Tasmania4Mountain tracks
The mountainous of Tasmania are as old as time itself, and these parts of the island are accessible by many walking tracks. The most difficult and beautiful, the five day Overland Track takes hikers through the central parts of the island from Lake Dove to Lake St Clair. A much easier three hour stroll around Lake Dove is recommended if you don't have much time to spare. The sight of sharp mountain peaks and waterfalls is truly spectacular. It is very common to come across kangaroos on Tasmania’s walking tracks; with more luck an encounter with the pig-like wombat is also possible. For lovers of botany, a walk through the Tahune forest in the valley of the Huon river is a must and if the endless walking tracks were not enough, the 600 metre walking platform, 20 metres above the forest floor is also worth doing, and will take you close to the many tree species found in Tasmania. During winter it is possible to go skiing, and the ski fields in Ben Lomond are very popular. Another ski field is located in Mt Field National Park, west of Hobart. In the north is the Bass Strait, a rocky shore line with caves once inhabited by aborigines, as well as a white lighthouse which adds to the character of the area.

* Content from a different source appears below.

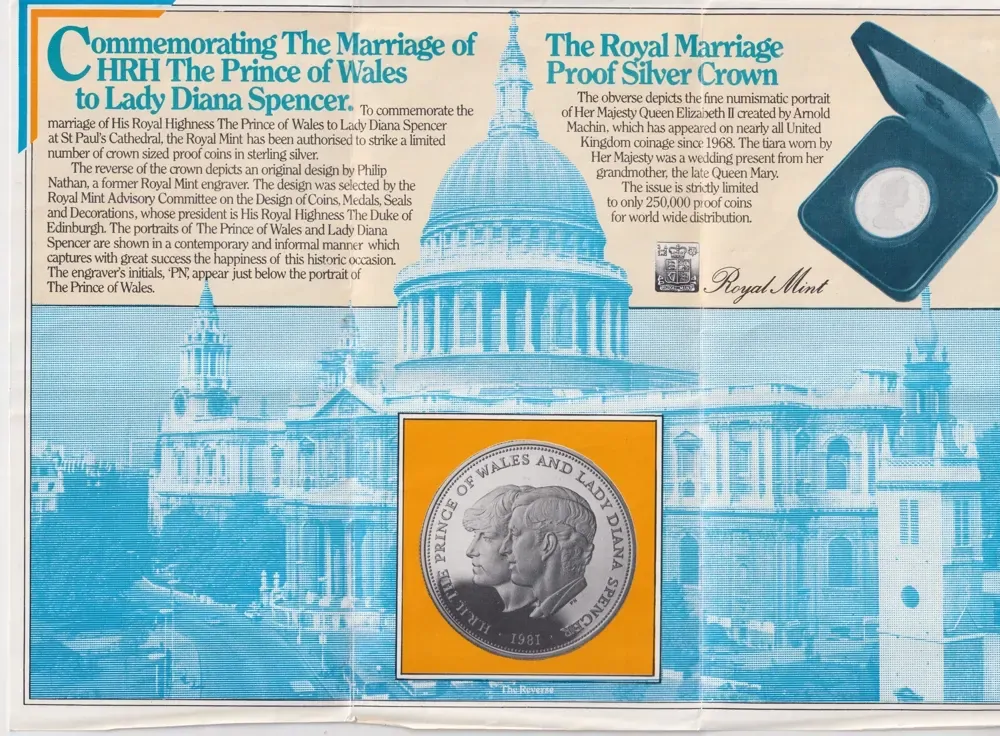 Great Britain 1981 Silver Proof Crown Charles and Diana product image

Tasmania2Tasmanian Capital
Hobart, the capital of Tasmania numbers around 300,000 people and has a quiet provincial town feel to it. Everything seems to stop at 6pm, then a few moments later the streets are empty, including the popular Elizabeth Mall. Only the eating quarters of Salamanca and Hampton Road spring to life. Salamanca is famous for the Saturday markets, where you can buy local souvenirs, fruit, jewellery and post colonial antiques; it is also the place where local artists show their works. Hobart is located at the foot of the 1270 metre Mt Wellington. The view from the summit, especially in good weather is incredible. Below you is the urban city, in the distance the Pacific Ocean, not far away is the Dervent River, and there are mountains on the horizon. Hobart invites visitors to learn about the history of Tasmania. Before its discovery by Abel Tasman in 1642, the island was peacefully inhabited by the aborigines. British colonialism changed this forever, and many aborigines were killed or evicted from the island in the 19th century.  

Heritage Highway
Tasmania is split in half from north to south by the most important road on the island, the Heritage Highway. It connects Hobart with Launceston, and can be covered in three hours. The road and its bridges (the most famous bridge being in Richmond), was constructed using convict labour. Along the highway the towns of Kempton, Oatlands, Ross and Campbell Town have sprung up. Today these places are popular for their restored Gregorian and Victorian houses and churches.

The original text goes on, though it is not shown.